Au téléphone, j’écoute encore une fois ma grand-mère me parler de ce qu’est devenue cette maison. Mes grands-parents ont passé leur vie de prolétaires à économiser pour pouvoir la faire construire selon leurs rêves… Même si elle était trop grande et trop isolée pour une vieille dame infirme, ma grand-mère la regrette puisque tous les jours, elle passe devant en voiture, s’arrête devant le portail blanc, avant de me faire le compte-rendu des changements : « ils ont détruits le garage, ajouté une autre véranda, déraciné le figuier, mis un terrain pour jouer à la pétanque à la place du jardin… » Elle n’a que deux raisons de sortir de chez elle désormais : se rendre sur la tombe de mon grand-père, l’entretenir et lui parler, puis observer cette maison. Ensuite, accablée, elle me raconte ce que mon grand-père lui a dit de l’au-delà et m’énumère le massacre que les nouveaux propriétaires font subir à cette maison. Parfois, les deux discours se mélangent, comme par hasard. Je lui dis malgré moi « arrête de te faire du mal, n’y va pas », mais je pense qu’elle ne vit plus que pour assister à cette ruine. A moins qu’elle n’espère chaque jour, retrouver soudain la maison telle qu’elle était, et mon grand-père en maillot de bain au bord de la terrasse… Je ne sais pas. En tout cas, elle me fait penser à un amputé qui gratterait son membre fantôme jusqu’au sang, à s’en écorcher vif.
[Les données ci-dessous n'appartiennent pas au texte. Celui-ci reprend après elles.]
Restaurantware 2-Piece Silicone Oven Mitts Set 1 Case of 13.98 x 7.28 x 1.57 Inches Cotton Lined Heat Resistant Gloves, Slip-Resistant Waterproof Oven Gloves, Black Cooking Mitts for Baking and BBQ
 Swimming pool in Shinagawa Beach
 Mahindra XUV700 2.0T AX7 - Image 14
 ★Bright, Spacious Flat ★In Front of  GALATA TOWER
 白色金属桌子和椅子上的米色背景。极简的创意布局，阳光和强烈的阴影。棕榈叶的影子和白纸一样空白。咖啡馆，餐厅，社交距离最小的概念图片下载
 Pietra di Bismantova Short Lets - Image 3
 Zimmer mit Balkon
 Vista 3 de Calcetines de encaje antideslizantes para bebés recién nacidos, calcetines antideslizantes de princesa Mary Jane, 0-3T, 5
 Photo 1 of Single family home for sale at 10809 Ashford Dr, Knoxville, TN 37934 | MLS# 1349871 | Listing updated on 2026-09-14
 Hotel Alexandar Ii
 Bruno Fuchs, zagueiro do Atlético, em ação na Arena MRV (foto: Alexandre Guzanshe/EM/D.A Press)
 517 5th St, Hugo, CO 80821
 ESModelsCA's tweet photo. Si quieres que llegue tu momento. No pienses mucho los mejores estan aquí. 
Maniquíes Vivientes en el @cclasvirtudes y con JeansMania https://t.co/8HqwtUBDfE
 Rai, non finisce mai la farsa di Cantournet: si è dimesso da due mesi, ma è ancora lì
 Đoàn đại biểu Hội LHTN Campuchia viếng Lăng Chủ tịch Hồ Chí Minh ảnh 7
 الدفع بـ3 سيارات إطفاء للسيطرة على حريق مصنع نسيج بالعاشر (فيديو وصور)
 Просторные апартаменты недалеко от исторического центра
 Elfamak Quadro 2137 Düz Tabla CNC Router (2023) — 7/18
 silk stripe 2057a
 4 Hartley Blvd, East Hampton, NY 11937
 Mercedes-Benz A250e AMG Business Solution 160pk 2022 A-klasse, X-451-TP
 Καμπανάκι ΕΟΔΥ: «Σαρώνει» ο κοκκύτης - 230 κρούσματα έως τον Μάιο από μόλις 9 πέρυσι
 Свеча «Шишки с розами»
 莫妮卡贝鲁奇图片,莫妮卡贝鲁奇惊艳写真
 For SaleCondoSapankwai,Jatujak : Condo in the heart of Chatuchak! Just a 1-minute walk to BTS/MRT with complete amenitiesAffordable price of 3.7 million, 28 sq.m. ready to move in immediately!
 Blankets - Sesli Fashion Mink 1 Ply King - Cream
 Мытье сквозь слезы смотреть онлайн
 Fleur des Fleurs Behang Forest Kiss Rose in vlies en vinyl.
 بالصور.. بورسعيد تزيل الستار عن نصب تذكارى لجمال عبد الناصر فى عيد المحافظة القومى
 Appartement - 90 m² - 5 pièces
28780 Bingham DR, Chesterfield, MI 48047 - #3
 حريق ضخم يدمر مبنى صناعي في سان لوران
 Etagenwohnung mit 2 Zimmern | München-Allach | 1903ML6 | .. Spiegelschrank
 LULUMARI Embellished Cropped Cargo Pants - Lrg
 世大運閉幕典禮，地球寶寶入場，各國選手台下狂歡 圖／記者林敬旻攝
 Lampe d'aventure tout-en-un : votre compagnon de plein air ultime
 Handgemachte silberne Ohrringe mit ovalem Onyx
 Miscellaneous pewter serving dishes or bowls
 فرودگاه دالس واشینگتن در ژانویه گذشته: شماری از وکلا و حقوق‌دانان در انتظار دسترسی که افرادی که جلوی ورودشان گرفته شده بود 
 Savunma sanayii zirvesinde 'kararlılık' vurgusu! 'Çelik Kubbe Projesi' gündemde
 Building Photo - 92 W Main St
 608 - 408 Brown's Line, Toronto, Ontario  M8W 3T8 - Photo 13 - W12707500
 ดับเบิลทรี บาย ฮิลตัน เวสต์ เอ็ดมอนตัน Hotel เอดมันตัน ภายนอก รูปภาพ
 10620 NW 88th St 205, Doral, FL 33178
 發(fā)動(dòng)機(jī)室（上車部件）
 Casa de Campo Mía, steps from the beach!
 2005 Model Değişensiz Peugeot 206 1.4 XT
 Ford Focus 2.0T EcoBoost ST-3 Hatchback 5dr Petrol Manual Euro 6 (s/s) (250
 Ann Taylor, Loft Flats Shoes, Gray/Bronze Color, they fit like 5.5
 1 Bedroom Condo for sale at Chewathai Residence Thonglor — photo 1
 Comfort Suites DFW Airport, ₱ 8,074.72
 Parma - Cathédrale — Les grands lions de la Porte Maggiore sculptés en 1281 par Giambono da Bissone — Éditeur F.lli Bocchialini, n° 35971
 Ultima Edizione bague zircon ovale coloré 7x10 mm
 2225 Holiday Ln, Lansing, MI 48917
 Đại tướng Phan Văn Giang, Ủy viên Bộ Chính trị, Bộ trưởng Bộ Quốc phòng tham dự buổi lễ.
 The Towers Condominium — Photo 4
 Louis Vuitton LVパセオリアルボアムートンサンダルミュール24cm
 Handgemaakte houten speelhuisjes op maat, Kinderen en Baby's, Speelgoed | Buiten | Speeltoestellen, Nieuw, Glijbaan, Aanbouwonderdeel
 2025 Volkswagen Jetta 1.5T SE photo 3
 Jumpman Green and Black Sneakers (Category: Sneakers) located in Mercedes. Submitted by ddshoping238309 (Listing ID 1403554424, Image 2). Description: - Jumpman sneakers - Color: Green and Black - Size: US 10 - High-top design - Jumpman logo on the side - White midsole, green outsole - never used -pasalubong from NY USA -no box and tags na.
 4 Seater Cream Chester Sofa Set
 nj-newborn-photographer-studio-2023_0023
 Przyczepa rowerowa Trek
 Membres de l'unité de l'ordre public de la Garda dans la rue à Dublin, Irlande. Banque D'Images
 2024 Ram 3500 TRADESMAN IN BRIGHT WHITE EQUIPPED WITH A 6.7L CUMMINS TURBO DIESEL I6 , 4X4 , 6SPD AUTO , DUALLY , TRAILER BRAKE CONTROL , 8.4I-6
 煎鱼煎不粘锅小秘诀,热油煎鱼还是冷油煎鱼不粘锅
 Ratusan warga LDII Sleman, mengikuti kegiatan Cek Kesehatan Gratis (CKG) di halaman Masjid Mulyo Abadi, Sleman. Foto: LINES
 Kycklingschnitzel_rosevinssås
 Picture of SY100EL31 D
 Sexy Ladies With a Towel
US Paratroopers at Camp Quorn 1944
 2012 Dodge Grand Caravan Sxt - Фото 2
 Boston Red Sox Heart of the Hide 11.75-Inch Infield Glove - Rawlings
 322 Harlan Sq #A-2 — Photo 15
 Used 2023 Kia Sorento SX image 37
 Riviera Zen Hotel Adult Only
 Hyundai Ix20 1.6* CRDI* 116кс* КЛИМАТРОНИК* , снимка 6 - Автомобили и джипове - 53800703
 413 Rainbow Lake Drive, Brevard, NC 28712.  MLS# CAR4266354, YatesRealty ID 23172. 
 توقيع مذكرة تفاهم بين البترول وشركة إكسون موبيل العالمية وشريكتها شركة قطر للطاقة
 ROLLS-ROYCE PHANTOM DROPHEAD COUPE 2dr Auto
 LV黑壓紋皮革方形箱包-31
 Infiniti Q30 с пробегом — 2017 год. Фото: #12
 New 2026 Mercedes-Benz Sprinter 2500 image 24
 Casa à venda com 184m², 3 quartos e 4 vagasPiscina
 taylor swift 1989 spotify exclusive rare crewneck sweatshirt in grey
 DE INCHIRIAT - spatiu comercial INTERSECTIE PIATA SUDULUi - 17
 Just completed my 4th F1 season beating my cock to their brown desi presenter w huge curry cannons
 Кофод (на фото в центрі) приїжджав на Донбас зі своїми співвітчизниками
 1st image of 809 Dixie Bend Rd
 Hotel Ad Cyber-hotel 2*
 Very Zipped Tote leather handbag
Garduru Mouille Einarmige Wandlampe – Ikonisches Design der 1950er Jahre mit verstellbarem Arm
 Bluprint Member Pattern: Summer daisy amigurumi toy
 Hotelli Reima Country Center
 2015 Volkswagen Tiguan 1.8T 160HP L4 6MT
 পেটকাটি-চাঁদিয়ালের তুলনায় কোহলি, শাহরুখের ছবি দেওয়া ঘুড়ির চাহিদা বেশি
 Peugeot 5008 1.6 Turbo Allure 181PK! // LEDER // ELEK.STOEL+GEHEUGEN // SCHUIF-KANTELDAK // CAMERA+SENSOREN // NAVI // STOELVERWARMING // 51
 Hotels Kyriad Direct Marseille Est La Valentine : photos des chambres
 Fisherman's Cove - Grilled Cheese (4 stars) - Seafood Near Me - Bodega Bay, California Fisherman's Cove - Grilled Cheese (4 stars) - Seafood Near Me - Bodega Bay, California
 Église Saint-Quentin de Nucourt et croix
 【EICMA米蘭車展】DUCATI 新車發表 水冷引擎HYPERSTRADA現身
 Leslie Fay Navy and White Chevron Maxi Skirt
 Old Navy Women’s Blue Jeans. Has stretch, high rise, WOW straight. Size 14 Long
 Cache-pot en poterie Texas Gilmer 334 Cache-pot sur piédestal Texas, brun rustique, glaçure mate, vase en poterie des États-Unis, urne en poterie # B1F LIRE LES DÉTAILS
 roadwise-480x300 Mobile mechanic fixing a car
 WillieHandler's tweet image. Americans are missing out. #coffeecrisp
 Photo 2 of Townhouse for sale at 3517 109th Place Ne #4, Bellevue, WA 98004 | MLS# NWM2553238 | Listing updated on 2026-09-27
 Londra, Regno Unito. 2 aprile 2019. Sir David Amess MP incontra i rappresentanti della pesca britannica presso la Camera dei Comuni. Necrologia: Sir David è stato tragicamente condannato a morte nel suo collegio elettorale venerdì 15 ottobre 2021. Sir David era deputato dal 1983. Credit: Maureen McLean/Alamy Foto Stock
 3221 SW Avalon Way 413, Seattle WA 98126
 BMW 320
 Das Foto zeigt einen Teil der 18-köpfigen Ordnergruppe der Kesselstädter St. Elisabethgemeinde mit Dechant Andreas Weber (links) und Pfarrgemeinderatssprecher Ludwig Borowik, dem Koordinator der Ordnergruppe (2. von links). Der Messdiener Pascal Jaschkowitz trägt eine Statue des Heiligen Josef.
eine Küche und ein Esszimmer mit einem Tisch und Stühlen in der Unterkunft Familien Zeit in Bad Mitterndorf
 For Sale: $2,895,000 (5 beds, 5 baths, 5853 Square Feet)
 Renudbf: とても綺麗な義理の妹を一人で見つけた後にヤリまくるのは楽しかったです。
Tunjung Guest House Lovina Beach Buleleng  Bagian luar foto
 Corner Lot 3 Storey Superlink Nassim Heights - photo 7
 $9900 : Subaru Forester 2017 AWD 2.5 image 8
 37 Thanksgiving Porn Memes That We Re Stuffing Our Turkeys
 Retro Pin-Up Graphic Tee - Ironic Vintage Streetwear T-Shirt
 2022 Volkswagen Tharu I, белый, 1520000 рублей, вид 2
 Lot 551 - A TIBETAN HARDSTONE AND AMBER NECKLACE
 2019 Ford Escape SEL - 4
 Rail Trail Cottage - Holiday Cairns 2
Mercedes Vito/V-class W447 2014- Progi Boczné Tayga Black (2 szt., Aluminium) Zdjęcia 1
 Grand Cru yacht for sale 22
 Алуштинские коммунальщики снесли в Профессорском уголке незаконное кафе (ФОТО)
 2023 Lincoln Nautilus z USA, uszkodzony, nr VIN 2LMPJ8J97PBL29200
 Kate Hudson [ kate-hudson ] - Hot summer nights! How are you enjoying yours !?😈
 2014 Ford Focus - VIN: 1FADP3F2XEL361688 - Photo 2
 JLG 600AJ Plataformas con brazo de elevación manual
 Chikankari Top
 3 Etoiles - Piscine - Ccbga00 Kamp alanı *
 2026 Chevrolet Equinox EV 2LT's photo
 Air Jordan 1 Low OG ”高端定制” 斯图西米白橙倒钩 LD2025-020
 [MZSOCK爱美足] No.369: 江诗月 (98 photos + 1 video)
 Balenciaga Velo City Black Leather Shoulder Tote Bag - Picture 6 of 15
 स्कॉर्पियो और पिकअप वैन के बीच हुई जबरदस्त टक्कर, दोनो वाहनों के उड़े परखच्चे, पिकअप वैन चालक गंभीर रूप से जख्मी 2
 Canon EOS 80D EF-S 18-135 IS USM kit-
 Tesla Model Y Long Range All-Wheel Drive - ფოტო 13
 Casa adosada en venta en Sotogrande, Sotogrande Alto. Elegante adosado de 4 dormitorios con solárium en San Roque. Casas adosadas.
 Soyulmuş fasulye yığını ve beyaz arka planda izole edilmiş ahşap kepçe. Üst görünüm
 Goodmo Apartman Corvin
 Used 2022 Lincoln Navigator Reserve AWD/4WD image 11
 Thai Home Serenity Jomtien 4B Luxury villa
Cependant hier, en écoutant son discours à peu près semblable à celui de la semaine précédente, je lui ai soudain demandé : « et le jardin potager, ils l’ont gardé ? » A dire vrai, j’avais oublié son existence… J’étais étonnée par ma question après l’avoir posée, comme si elle provenait de quelqu’un d’autre. Ma grand-mère, surprise, est restée silencieuse quelques secondes, à tel point que je m’apprêtais à lui expliquer « tu sais le jardin potager avec pépé », mais elle a soufflé : « tu te souviens du jardin potager ! » Elle avait l’air tellement contente que je lui ai dit : « oui bien sûr, et aussi de ma chambre et… » J’ai énuméré certains des souvenirs qui précèdent. Avec son accent niçois, elle a expiré « tu n’imagines pas comme ça me fait plaisir que tu t’en souviennes ! » Si, je l’ai senti, même si je ne me l’explique pas…

Après, j’ai su d’où m’est venu ce souvenir… Dimanche dernier, je rentrais chez moi alors que l’été s’était abattu sur la ville, 37 degrés sur les pentes de la Croix Rousse… Les fenêtres des immeubles étaient ouvertes et j’apercevais des vêtements qui séchaient, un pan d’une chambre… En Provence, les gens connaissent la chaleur et savent qu’il faut l’empêcher de pénétrer dans les maisons, contrairement aux Lyonnais qui l’accueillent tout en s’en plaignant. Cependant, il y avait cette indolence, cette torpeur, et ces appartements d’où s’échappent des bruits (voix, musique, télévision) particulièrement forts à causes des rues désertées… quelque chose qui m’a rappelé mon village natal ; l’odeur poussiéreuse et âcre, un peu piquante, des corps et des pollens peut-être aussi. Du coin d’une rue, une maman expliquait à une autre : « mon petit a planté quelques radis, il était ravi, les enfants ça adore jardiner… » Oui, je crois que c’est cette atmosphère dans son ensemble qui m’a ramenée là-bas, là où je n’ai plus ni maison ni famille, là où je n’irais sans doute plus en réalité.
Je n’ai jamais ressenti la moindre nostalgie pour cette époque… Pour l’Afrique si, mais pas pour la Provence, précisément à cause de sa fixité : le soleil brûlant, le ciel comme un plafond peint d’un bleu beaucoup trop uniforme, les herbes jaunies et les forêts desséchées partiellement brûlées… L’été n’en finissait pas, et rien ne se renouvelait, dans la maison comme dans le jardin potager. J’en étais arrivée à haïr cet endroit parce que j’étais désespérément certaine qu’il était éternel ; depuis qu’il a disparu, moi aussi je le regrette, au moins un tout petit peu, de manière contradictoire, comme s’il restait sur ma langue un arrière goût agréable d’un plat exécrable.